WebTL systems have benefited not only distance education courses, which by their nature have limited face-to-face contact hours, but also on-campus courses taken by a mix of full-time and part-time students. A WebTL system provides a course-specific place for the instructor to communicate with students (e.g. by answering queries), the dissemination of course materials, and coursework management and assessment. Also, students can communicate with classmates, within or among groups, via an online discussion forum in the system.
Discussions are more effective for learning if they are focused, engaging and collaborative, and researchers have investigated and analysed students' participation and motivation in online discussions. For example, Wu and Hiltz 2004) found that, to improve learning, students expect instructors to provide 'more interesting topics to guide the online discussion, such as case studies'. The authors' experience has indicated that students are more motivated to learn from discussions and collaboration when these activities are linked to course-specific goals, notably coursework assessment. While there are problem-based learning tools, few of these are specifically designed for software development project work.

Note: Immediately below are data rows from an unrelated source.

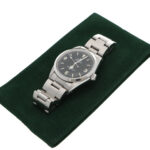 Vintage Rolex Explorer 1016 36mm Steel Watch Black Dial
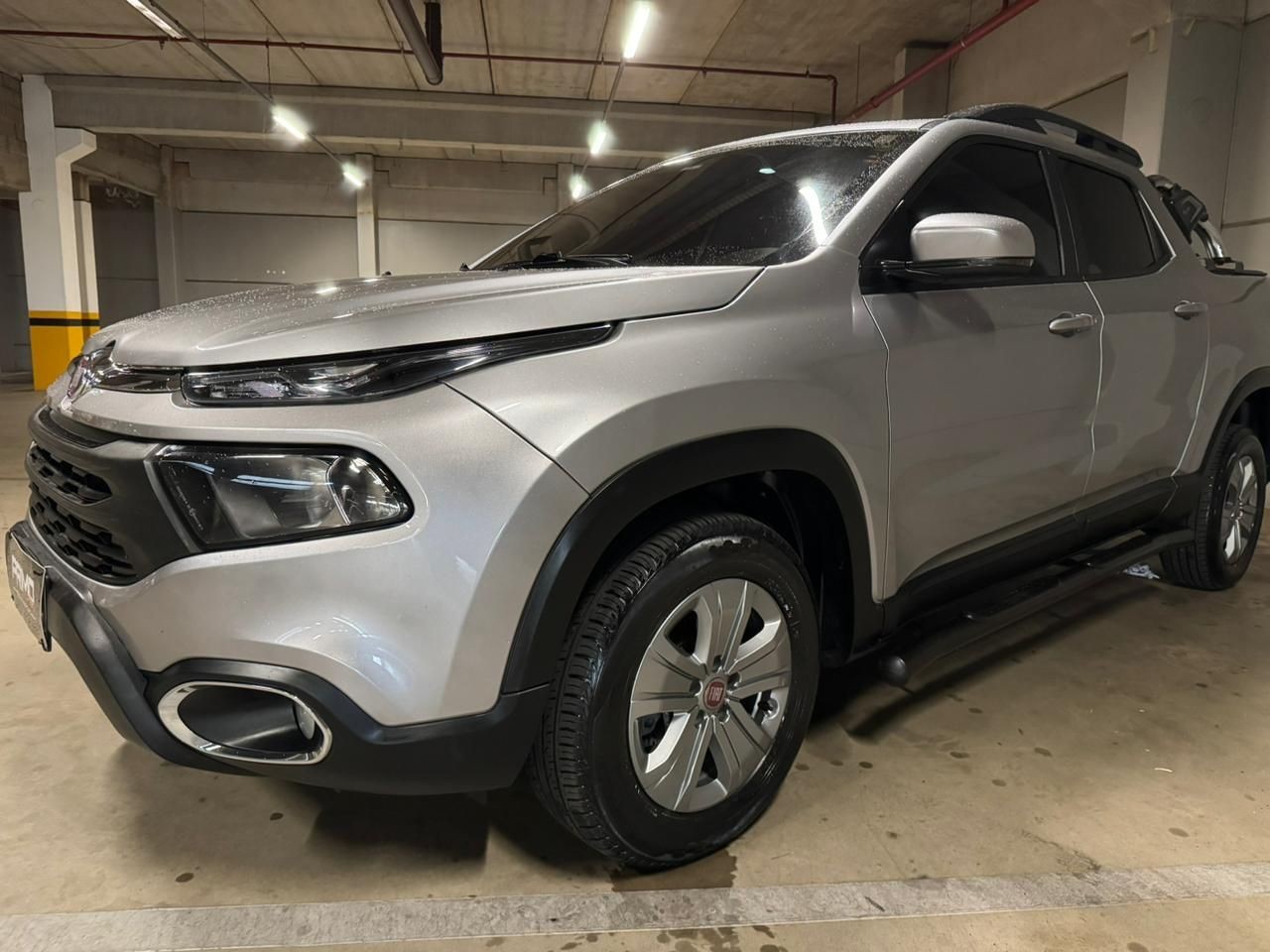 FIAT TORO 1.8 16V EVO FREEDOM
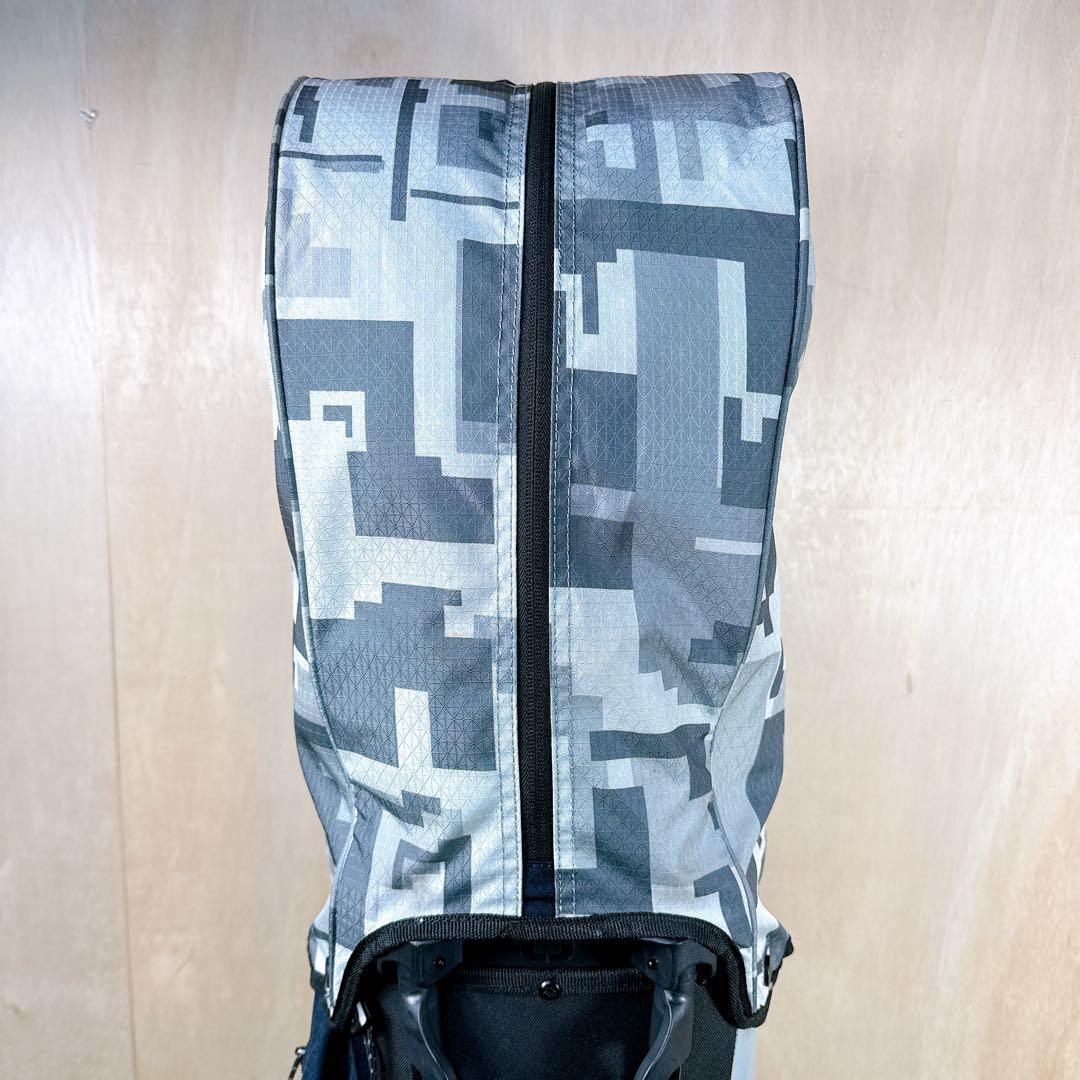 美品 OGIO オジオ WOODE HYBRID 23 スタンドキャディバッグ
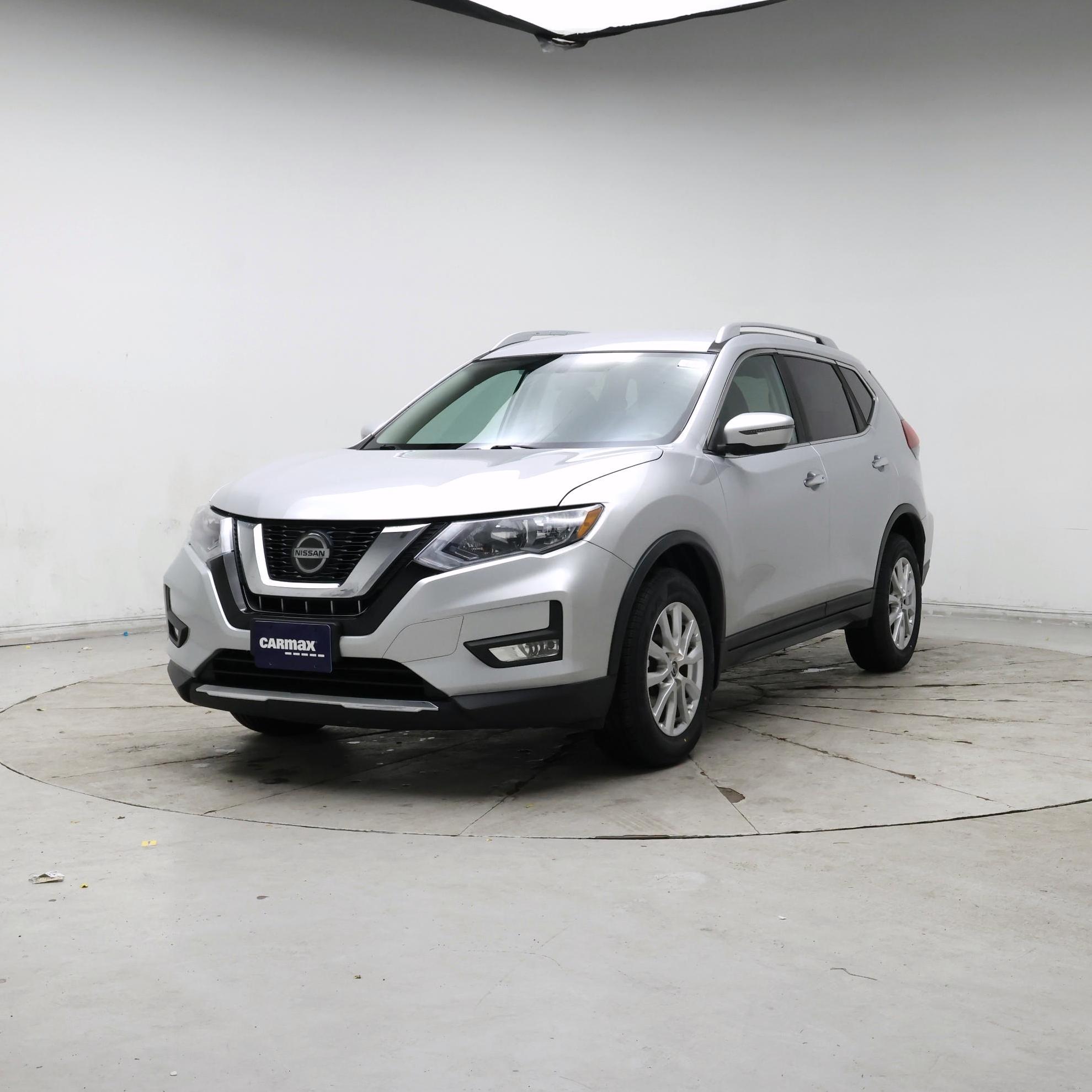 Thumbnail: 2018 Nissan Rogue - 4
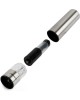 ATLANTA ATH-4623 (silver) Мельница электрическая для специй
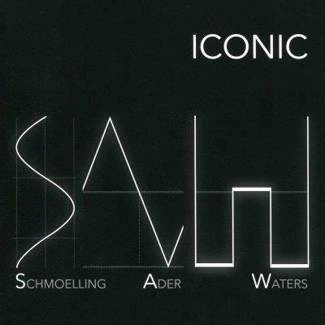 S.A.W. Iconic CD DIGIPAK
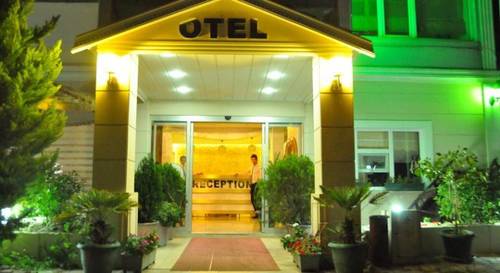 Blue Dolphin Otel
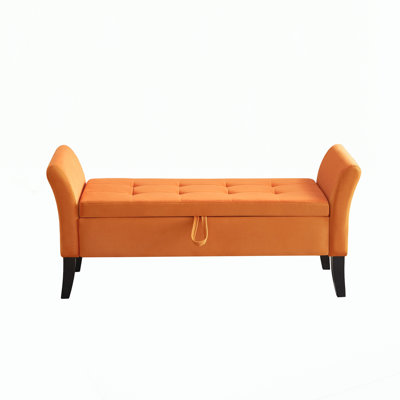 Bed Bench with Storage
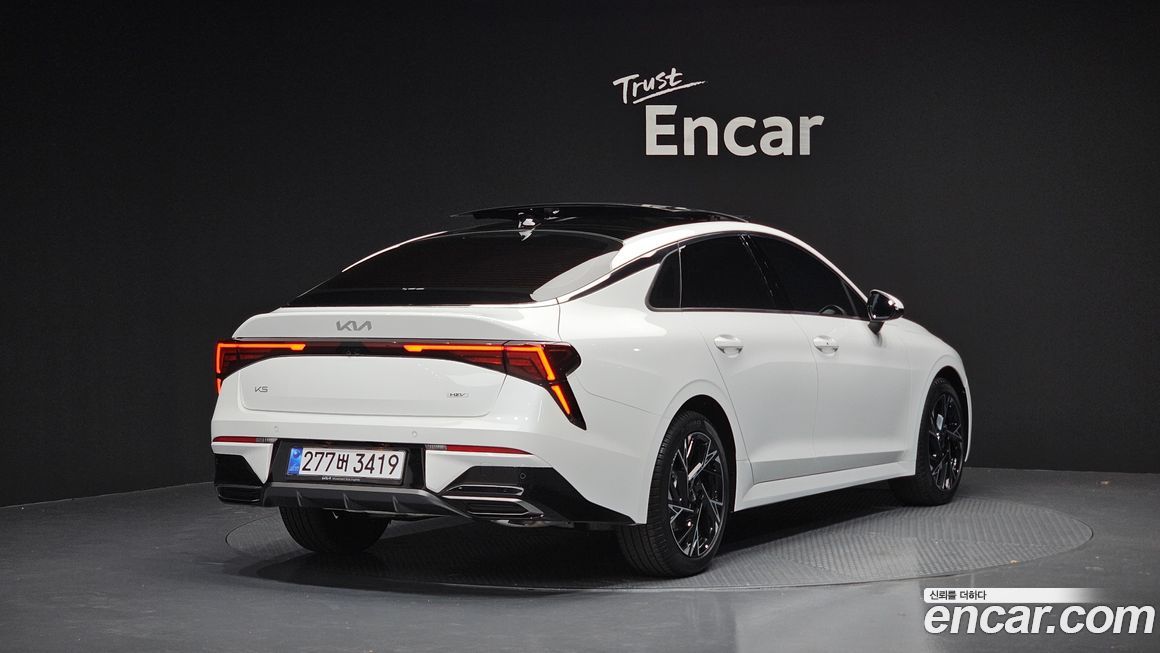 Kia K5 2026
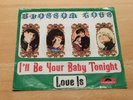 BLOSSOM TOES - I'LL BE YOUR BABY TONIGHT(= BOB DYLAN )/LOVE IS - POLYDOR GERMANY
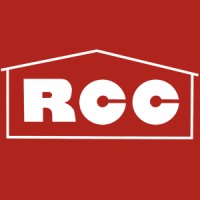RAJPARIS Civil Constructions - RCC Logo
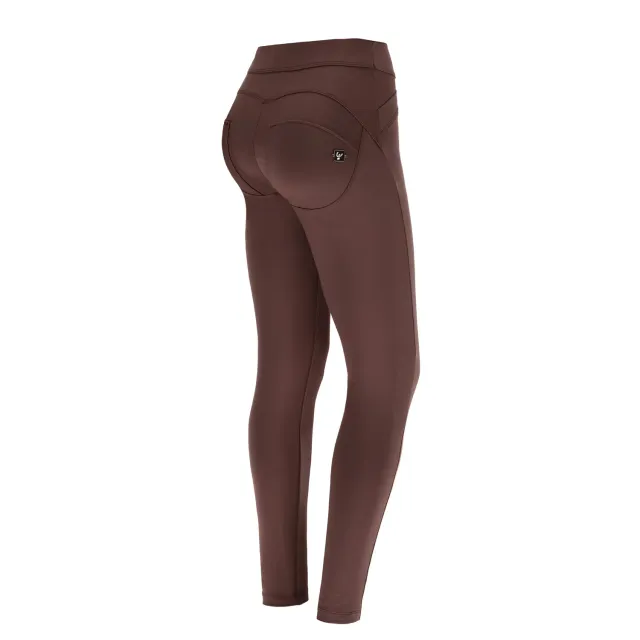 Freddy WR.UP Push-Up Hose Schwarz High Waist D.I.W.O.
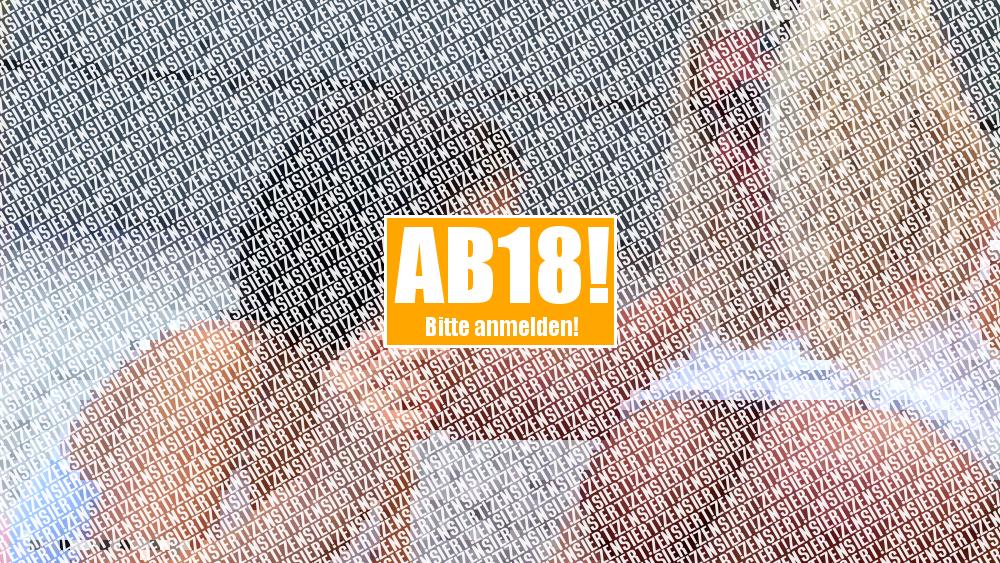 Sommerliches Lesbo-Rauchen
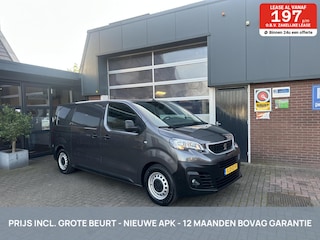 Peugeot Expert Bestel 1.5 BlueHDI 100 Standard Premium *INCL. BEURT&12 MND BOVAG*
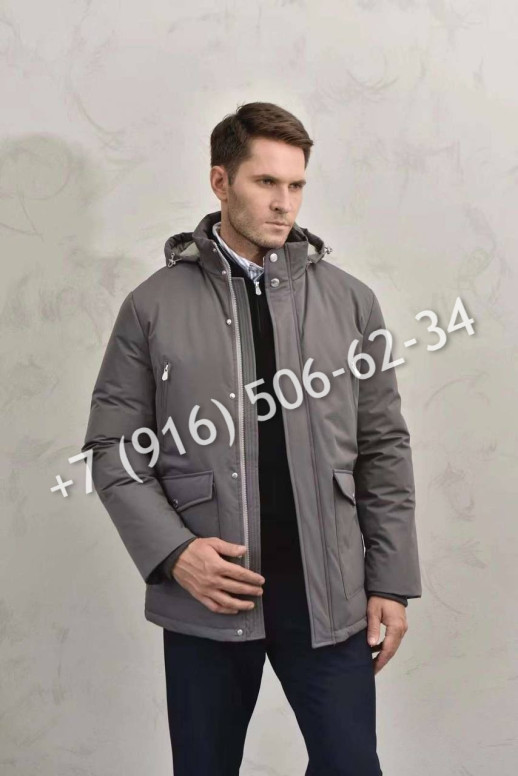 Пуховик Brunello Cucinelli 22481 1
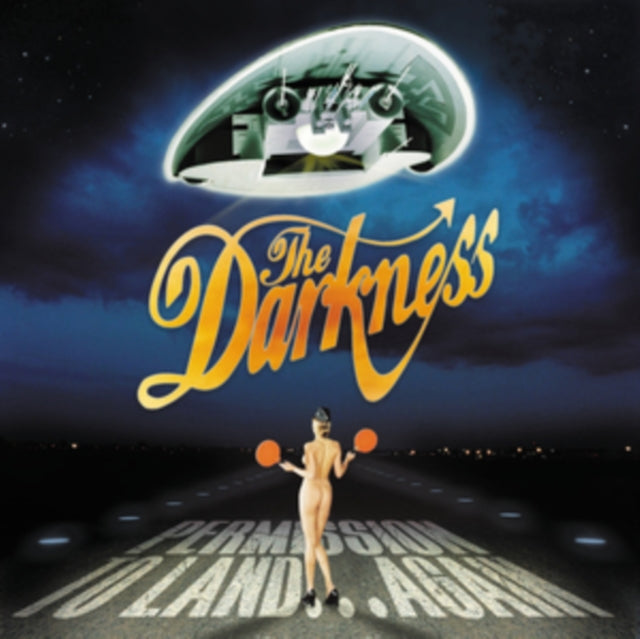 Darkness, The - Permission To Land (20th Anniversary Edition)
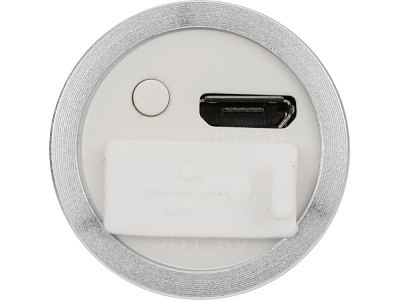 Внешний аккумулятор Lumi с фонариком, 3000 mAh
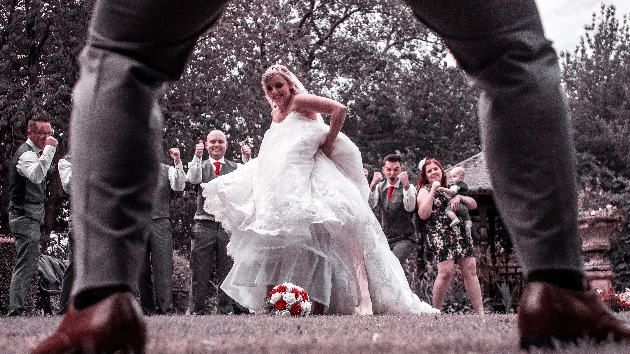 Should you have a wedding videographer? We ask Yorkshire's Mathew Horne Videography: Image 1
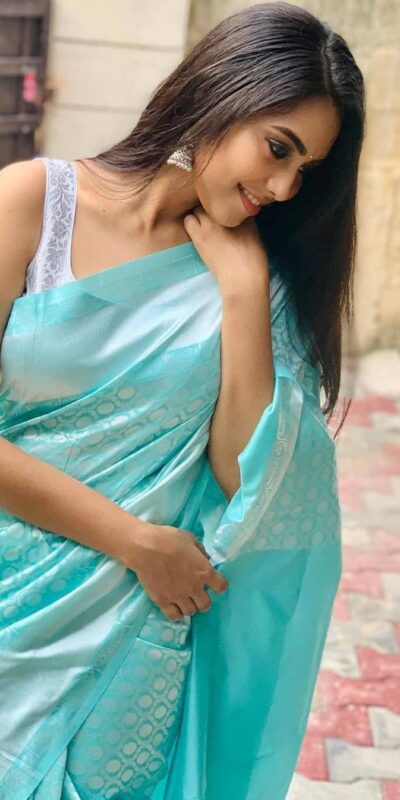 KP 3038 Yellow Soft Lichi Silk with Lace Border & Lace Work Saree . Special Price ₹1349. Delivery 4-6 Working Days. Shop now. | Sarees, Bollywood Sarees, Creative Sarees, Designer Sarees, Embroidered Sarees, Ethnic Saree, Modern Digital sarees, Party Wear Sarees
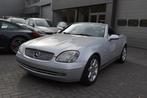 Mercedes SLK200 192PK., Auto's, Mercedes-Benz, Te koop, 2000 cc, Zilver of Grijs, Benzine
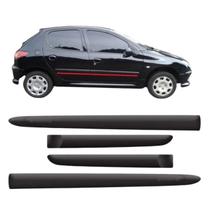 Friso Lateral 206 1998 1999 2000 2001 2002 A 2012 4 Portas Friso Lateral 206 1998 1999 2000 2001 2002 A 2012 4 Portas
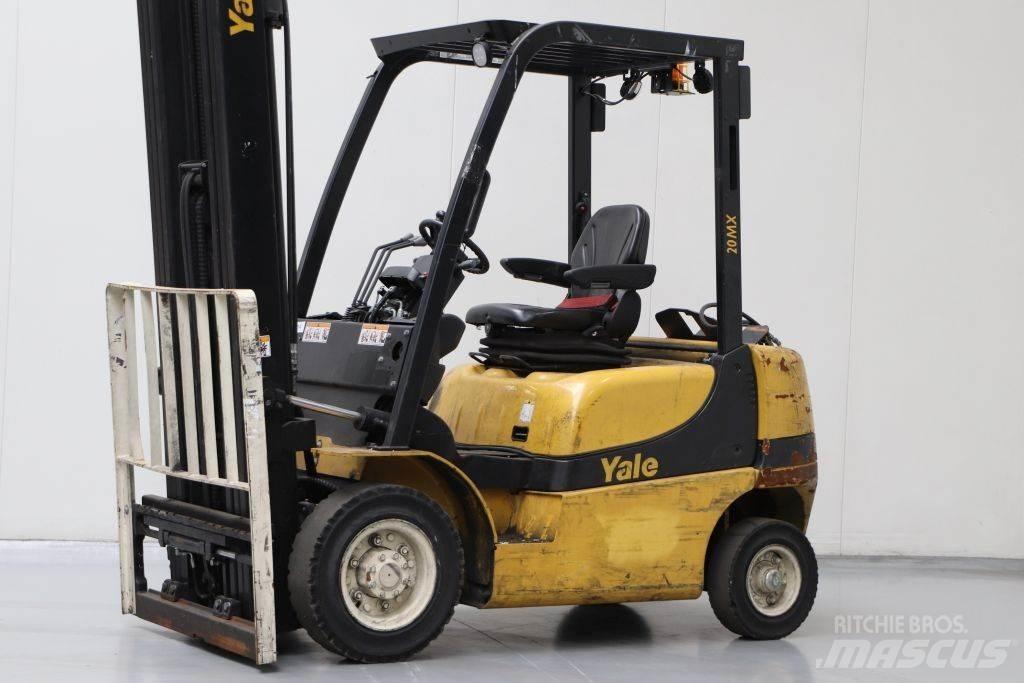 Yale GLP20MX Gas Stapler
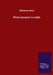First Lessons in Latin by Whitman Peck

In this paper, the authors describe a group project management tool which is specifically built for software development courses. Deployed as a plug-in to the Blackboard e-learning system, the tool supplements the latter by providing course-specific support for teaching and learning resources, project-based discussions, asynchronous peer reviews and continuous assessment. These resources and activities serve to promote a quality-centric attitude and notion that is heavily emphasized in modern software engineering collaborative work. The experience of tool development, including its planning, requirements, validation and implementation is presented, and related work discussed.